Trotski afirma que poco tiempo después, hacia mediados de febrero, Lenin le había propuesto formar «un bloque» a fin de realizar una «campaña contra el burocratismo del aparato soviético», es decir, para emprender la misma tarea que deseaba ver realizada por Stalin... Confieso aquí mi perplejidad. Por un lado, nada me autoriza a suponer que Trotski haya inventado completamente la entrevista durante la cual Lenin le hizo esa proposición; por el otro, es absolutamente imposible creer a aquél capaz de tal duplicidad. El caso es que Trotski pretende que durante esas «semanas de lucidez», Lenin se separó resueltamente de Stalin y buscó un acercamiento con él. Los textos citados por Trotski parecen darle la razón. Pero su lectura incita a admitir que más bien fue un incidente de orden privado, y no desacuerdo político, lo que debió provocar ese brusco cambio de humor fácilmente explicable en un hombre enfermo, amargado y deprimido. En la nota citada, la misma que los adversarios de Stalin han titulado después, un tanto pomposamente, el «Testamento» de Lenin,45 éste parece considerar a Stalin demasiado caprichoso, poco educado, poco paciente y poco leal. Un ex diplomático soviético, Dmitrevski, citado también por Trotski, cuenta que en una conversación telefónica con Krupskaia, Stalin le contestó de una manera tan grosera que ella, bañada en lágrimas, fue a quejarse a su marido; quien había declarado entonces que, desde aquel momento, «rompía todas sus relaciones personales con Stalin». Todo esto es difícil de verificar en el estado actual de nuestra documentación. Los historiadores soviéticos lo niegan formalmente, o bien se callan. Corresponde a los biógrafos de Stalin hacer alguna luz. Lo único que puede decirse es que un «enfado» con Stalin, si enfado hubo, no podía tener más que un carácter episódico, mientras que la última «componenda» intentada con Trotski tenía todas las posibilidades de resultar tan frágil como las anteriores. Además todo esto se desvaneció como una humareda el 9 de marzo, cuando Lenin sufrió el segundo ataque que lo abatió brutalmente, privándolo del uso de la palabra. El 15 de mayo lo llevaron en una camilla hasta el automóvil que partía para Gorki. El personal, oculto tras las cortinas de las ventanas, miraba partir el automóvil. Lenin vivió todavía ocho meses una existencia de ruina humana y murió, víctima de un tercer ataque, al atardecer del 21 de enero de 1924.

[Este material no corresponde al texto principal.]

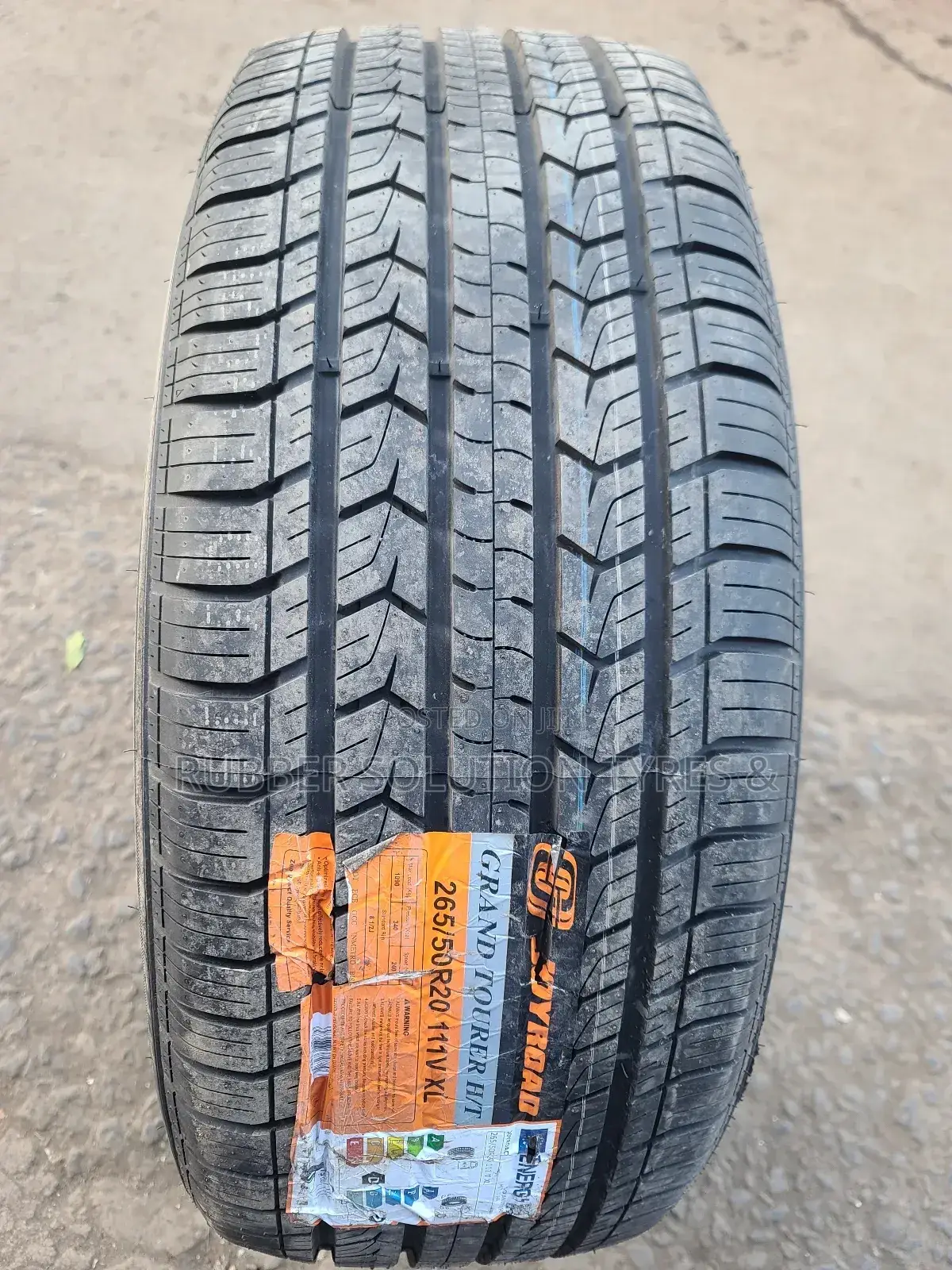 265/50r20 Joyroad Tires 111v X/L Grand Tourer H/T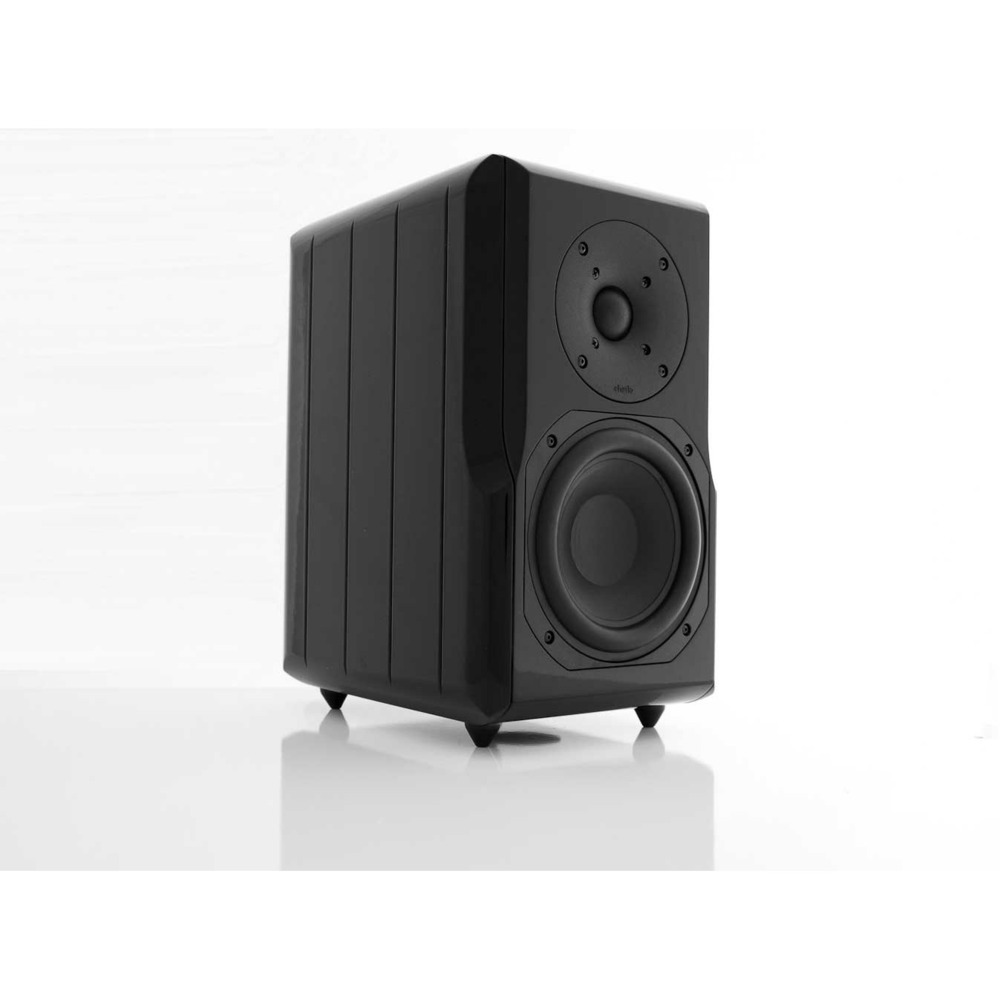 Полочная акустика Chario Constellation K Delphinus high gloss black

Su cuerpo, trasladado a Moscú el 23, fue expuesto en la gran sala de la Casa de los Sindicatos. Se levantó un estrado en medio, las paredes fueron tapizadas de banderas rojas, y largos velos rojos y negros recubrieron las bellas columnas blancas. Las lámparas encendidas fueron envueltas en crespones. El féretro, descubierto, fue colocado sobre el estrado. Una guardia de honor lo rodeó. Comenzó el desfile del pueblo, que acudió en masa. En filas de cuatro, hombres, mujeres y niños entraban a la sala, daban la vuelta al féretro y se iban, con la cabeza agachada, en silencio. Los viejos se persignaban. El desfile no terminaba nunca, y de todas partes llegaban pobres y humildes que esperaban horas enteras afuera, con los pies en la nieve, su turno para entrar.

Eso duró tres días. El 26, hacia las once de la noche, se ordenó contener el río humano cuyo fin era imposible prever. A la medianoche se abren de nuevo las puertas de la gran sala. El Congreso de los Soviets, reunido desde el 18 de enero y que acaba de celebrar su sesión fúnebre, hace su entrada, precedido por el Comité central del partido. Son dos mil personas, llegadas de todos los rincones de Rusia, representantes de todas sus provincias, de todos sus pueblos grandes y pequeños. Es la República de los Soviets, entera, la que se inclina ante los restos mortales de su fundador.

El día siguiente, a las nueve, se traslada el féretro a la Plaza Roja. A las cuatro de la tarde se oyó elevarse la lenta queja de las sirenas de todas las fábricas de Moscú. Al son del cañón y de una marcha fúnebre, Lenin entraba en su última morada, desde la cual, con la cabeza eternamente vuelta hacia el cielo, velará por el mundo nuevo creado por su voluntad.